What's the big obstacle to Apichatpong Weerasethakul becoming a household name for the global arthouse crowd? I've just said it. Has any contender for cine-canonization had such a jawbreaking moniker? I question whether even Thais have an easy time with it. Look at what another Thai did for comparison's sake. Panom Yeerum is more modestly named for starters. He might even have gotten by abroad with that tag, but as Tony Jaa he's instantly recognizable by martial-arts buffs around the world. But I suppose an auteur representing the high end of the Thai film industry shouldn't be expected to make such compromises. And in any event Weerasethakul has his shot now after his latest film, Lung Bunmi Raluek Chat, won the Palm d'Or at last year's Cannes film festival. He'd had a kind of cult following already, with some people regarding his Syndromes and a Century as one of the best films of the last decade. I'd given that film a shot, but I regret to admit that I quit a little past the halfway point, once it seemed determined to go nowhere. By now I think I'm a little less impatient for every film to "go" someplace, and the Golden Palm entitled Weerasethakul to another chance from me.

Tim Burton chaired last year's Cannes jury, and the supernatural content of Uncle Boonmee may have influenced his choice, though Weerasethakul's approach to such material isn't entirely like Burton's. In the Thai film, Boonmee (Thanapat Saisaymar) is a widowed farmer dying of kidney failure, tended by an assistant who may be, like many of Boonmee's workers, an illegal immigrant from Laos. As an opening title explains, while contemplating his imminent death, Boonmee does, in fact, recall some past lives. A pre-credits sequence illustrates the power of suggestion. We see a water buffalo wandering the landscape after escaping from a noose and likely slaughter. Because we've been prompted to assume that this is Boonmee in a past life, we're more attentive to the beast's adventure, if it can be called that, than we would be otherwise.

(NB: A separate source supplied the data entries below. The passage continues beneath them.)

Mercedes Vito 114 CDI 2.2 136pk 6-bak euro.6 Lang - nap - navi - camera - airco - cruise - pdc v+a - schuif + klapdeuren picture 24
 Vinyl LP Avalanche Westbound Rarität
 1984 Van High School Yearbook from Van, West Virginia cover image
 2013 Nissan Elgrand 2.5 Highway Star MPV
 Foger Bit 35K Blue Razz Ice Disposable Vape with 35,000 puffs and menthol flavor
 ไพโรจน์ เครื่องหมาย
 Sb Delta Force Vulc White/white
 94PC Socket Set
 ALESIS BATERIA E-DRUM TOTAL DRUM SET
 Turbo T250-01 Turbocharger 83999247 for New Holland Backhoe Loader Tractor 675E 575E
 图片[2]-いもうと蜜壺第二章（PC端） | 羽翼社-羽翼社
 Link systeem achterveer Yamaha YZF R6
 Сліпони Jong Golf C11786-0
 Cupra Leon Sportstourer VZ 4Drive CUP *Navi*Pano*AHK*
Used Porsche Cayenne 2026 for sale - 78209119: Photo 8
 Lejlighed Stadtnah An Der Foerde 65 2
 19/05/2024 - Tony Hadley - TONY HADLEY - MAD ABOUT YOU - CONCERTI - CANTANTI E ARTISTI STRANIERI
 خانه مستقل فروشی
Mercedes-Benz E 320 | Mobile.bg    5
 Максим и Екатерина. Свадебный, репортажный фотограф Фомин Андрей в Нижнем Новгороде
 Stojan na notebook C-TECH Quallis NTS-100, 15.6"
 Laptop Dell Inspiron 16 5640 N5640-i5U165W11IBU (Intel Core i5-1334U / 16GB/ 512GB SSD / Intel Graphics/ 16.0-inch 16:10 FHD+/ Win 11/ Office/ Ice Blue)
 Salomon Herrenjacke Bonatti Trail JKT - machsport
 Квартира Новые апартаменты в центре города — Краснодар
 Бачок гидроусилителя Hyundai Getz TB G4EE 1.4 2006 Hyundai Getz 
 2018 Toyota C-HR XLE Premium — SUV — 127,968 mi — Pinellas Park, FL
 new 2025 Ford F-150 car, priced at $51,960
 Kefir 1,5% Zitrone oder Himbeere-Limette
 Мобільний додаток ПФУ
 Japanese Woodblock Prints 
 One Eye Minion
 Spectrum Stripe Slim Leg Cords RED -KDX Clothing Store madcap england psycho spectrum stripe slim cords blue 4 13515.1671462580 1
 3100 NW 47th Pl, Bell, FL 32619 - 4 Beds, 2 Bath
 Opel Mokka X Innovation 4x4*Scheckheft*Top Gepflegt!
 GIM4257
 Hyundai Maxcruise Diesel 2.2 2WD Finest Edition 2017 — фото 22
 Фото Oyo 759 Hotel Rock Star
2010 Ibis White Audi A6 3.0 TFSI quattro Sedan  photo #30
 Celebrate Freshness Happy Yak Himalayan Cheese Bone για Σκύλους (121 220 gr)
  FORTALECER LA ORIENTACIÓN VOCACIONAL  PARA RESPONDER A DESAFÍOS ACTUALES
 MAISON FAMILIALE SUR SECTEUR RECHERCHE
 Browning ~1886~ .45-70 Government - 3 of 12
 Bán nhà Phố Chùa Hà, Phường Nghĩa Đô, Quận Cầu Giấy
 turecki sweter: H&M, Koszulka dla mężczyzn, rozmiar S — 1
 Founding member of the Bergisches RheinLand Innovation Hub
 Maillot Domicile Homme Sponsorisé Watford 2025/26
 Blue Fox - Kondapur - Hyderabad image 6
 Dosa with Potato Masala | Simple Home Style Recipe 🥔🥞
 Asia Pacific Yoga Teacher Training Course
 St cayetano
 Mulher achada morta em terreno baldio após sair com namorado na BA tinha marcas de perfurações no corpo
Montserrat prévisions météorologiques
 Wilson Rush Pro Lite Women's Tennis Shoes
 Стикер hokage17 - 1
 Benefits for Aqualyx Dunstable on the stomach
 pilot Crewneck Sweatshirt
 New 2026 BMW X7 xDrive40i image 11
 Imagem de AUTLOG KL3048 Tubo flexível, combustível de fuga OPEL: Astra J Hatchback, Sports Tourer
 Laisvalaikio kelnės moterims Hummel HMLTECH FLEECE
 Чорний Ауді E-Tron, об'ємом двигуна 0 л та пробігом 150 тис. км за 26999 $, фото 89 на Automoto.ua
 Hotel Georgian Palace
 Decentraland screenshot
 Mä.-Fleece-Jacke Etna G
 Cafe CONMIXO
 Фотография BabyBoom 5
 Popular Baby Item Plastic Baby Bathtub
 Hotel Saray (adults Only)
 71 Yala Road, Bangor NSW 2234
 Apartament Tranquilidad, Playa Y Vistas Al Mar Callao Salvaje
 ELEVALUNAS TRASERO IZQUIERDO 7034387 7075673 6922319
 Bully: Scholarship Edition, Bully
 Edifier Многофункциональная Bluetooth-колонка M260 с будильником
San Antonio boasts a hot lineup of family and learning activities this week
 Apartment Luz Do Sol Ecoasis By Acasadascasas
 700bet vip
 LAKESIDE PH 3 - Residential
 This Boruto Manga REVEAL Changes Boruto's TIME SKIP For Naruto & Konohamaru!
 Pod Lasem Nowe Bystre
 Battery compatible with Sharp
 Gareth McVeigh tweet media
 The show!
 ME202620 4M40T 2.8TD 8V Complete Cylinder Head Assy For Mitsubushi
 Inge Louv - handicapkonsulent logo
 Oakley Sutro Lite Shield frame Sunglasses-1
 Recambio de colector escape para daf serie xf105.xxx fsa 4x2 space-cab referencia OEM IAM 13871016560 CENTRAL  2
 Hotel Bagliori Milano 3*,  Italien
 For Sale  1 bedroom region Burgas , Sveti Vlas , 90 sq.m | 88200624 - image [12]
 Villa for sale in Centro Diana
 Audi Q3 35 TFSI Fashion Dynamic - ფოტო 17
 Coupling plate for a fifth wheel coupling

Boonmee doesn't actually do much past-life recalling afterward as Weerasethakul focuses on a present-day visit by the farmer's sister-in-law Jen and her son Thong. There's a lot of realistically banal small talk as the visitors unpack and Boonmee gets his kindey drained. The director's approach is neorealistic, favoring long takes to create the illusion of immersion in authentic life. The family regathers at the dinner table and chatters away while a woman slowly materializes beside them.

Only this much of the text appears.